Carmine Abate - Mondadori.
La copertina del libro

I premi letterari sono come il vino, nelle annate buone trionfano i capolavori. Per il Campiello 2012 è stata di sicuro un’annata buona: il 50° del premio letterario veneziano è stato onorato al meglio con La collina del vento, quello che ritengo un capolavoro, un libro ambizioso ma riuscito, che coniuga i pregi letterari con quelli etici, la lettura gradevole con l’altezza dei temi trattati, la trama avvicente e a volte quasi gialla o avventurosa con la serietà dei messaggi.
L’autore era già noto.

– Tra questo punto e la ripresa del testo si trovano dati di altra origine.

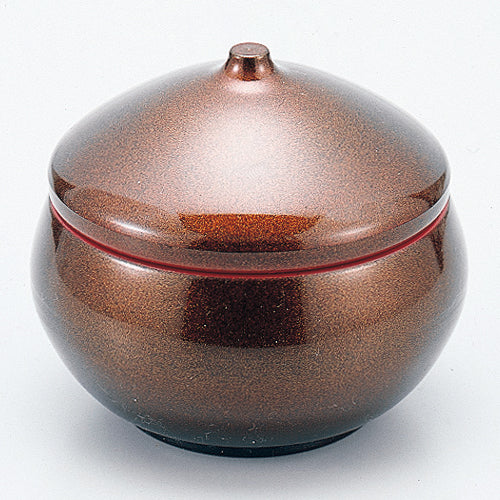 390-11103　小丼飯器1段　金パール内朱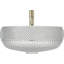Lavabo de salle de bain circulaire en verre transparent 17 po Pupura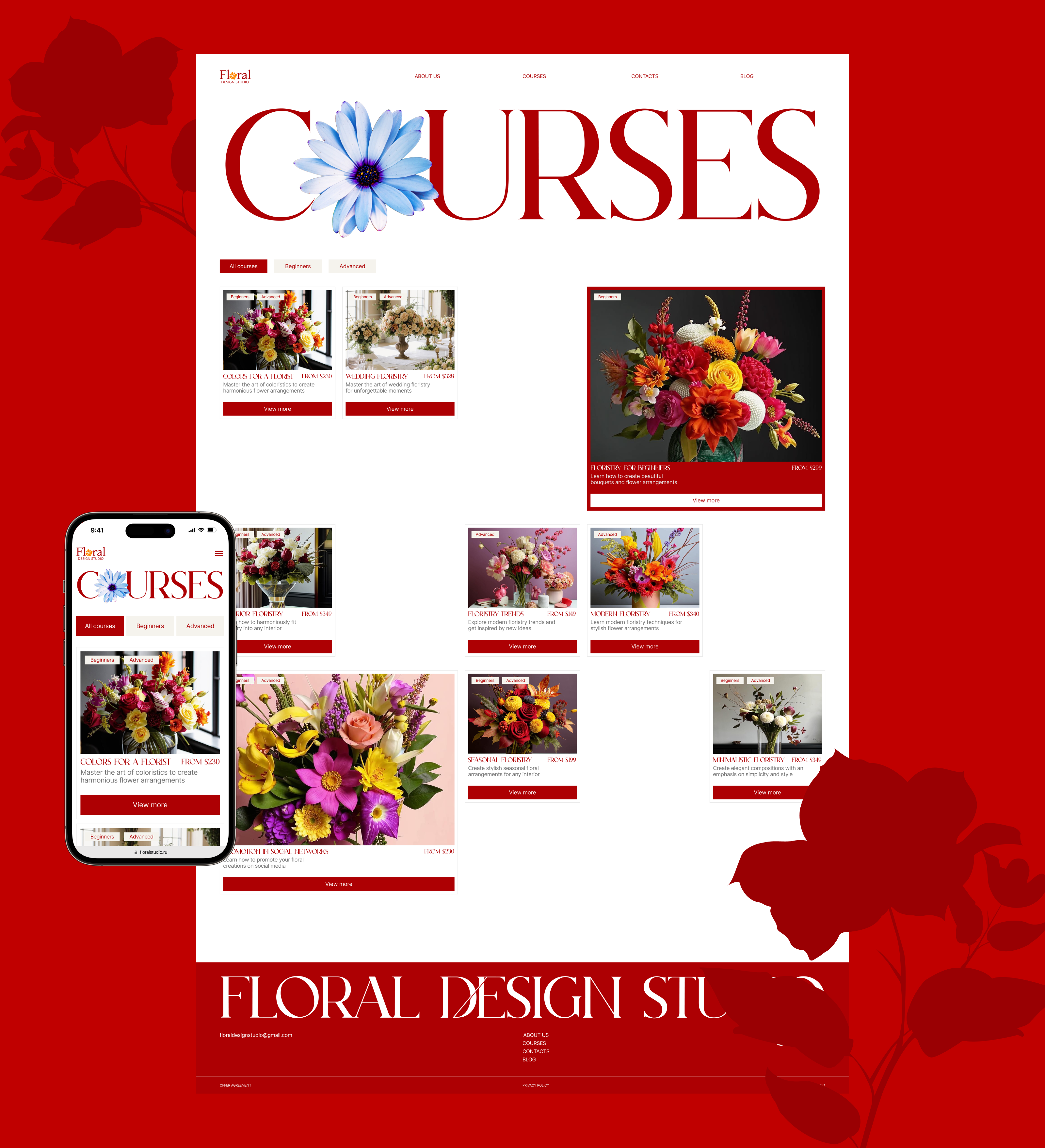 Floral design studio|Corporate website — Изображение №5 — Интерфейсы на Dprofile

Calabrese di etnia arbereshe, ex emigrato in Germania (ha scritto il suo primo libro in tedesco nel 1984, scusate se è poco), autore di romanzi e saggi tradotti all’estero, con La collina del vento Carmine Abate sale al picco della maturazione artistica e spirituale.

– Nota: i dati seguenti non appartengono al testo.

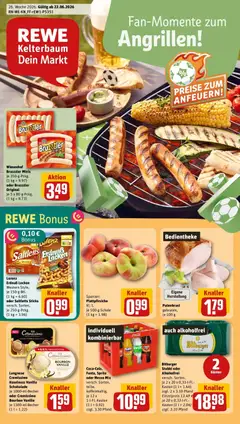 Vorschau von dem Prospekt des Geschäftes Rewe, gültig ab dem 21.06.2026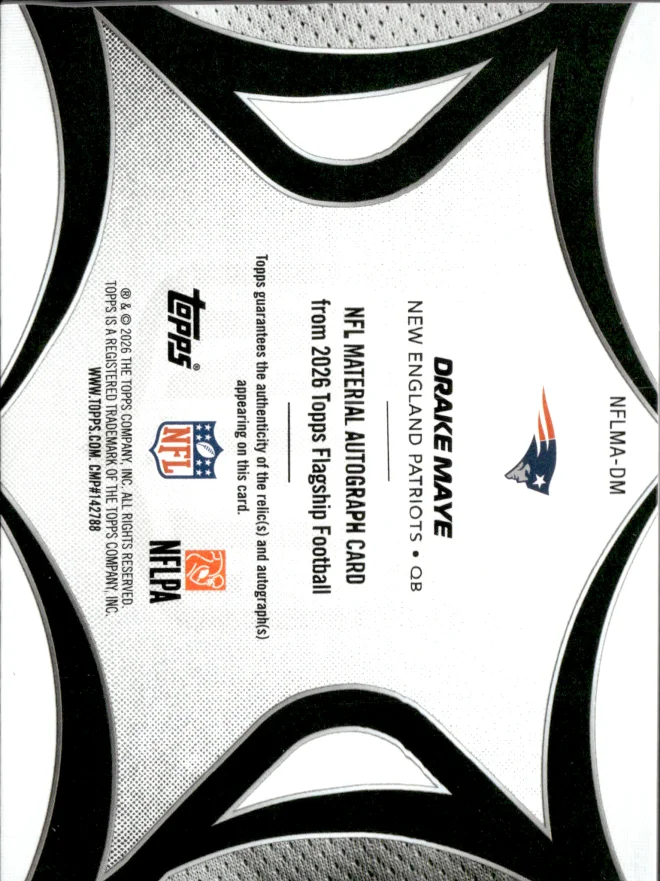 Drake Maye card back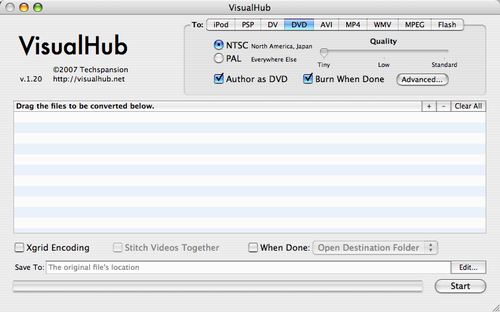 VisualHub Screen Shot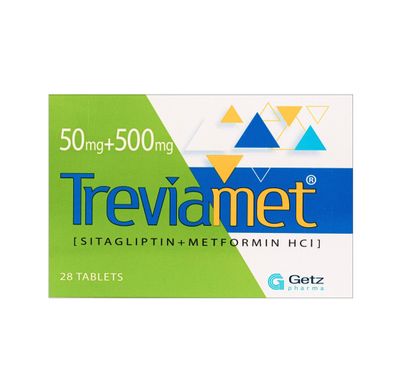 TREVIAMET 50+500MG TABLET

Il romanzo è una saga familiare ambientata in Calabria: quattro generazioni che lavorano, amano, soffrono e anzitutto lottano per far fruttare e difendere, contro tutto e tutti, la splendida collina, alta sullo Ionio presso Punta Alice, conquistata dal patriarca con sudori e sacrifici.
Sullo sfondo, la storia del Novecento  italiano fino a oggi: Grande guerra e fascismo, l’apocalisse ’39-’45 e il duro dopoguerra, le speranze, le promesse e la rigenerazione per tanti versi mancata. I personaggi sono una piccola folla domestica, nella prima parte si fatica persino un po’ a non confonderli; ma via via che si legge, volti e caratteri si imprimono nel.
La famiglia, l’amore, i sentimenti, i valori, quelli veri forti autentici, sono al centro dell’ispirazione. Il lettore si ritrova arricchito e quasi nobilitato dalla lettura del libro. Che però non è solo una lezione di morale, o sull’Italia novecentesca e i tesori culturali della Calabria, ma anche una storia attraente e scritta in modo esemplare e poetico. Incluso il delizioso ricorso al dialetto, non solo nei dialoghi.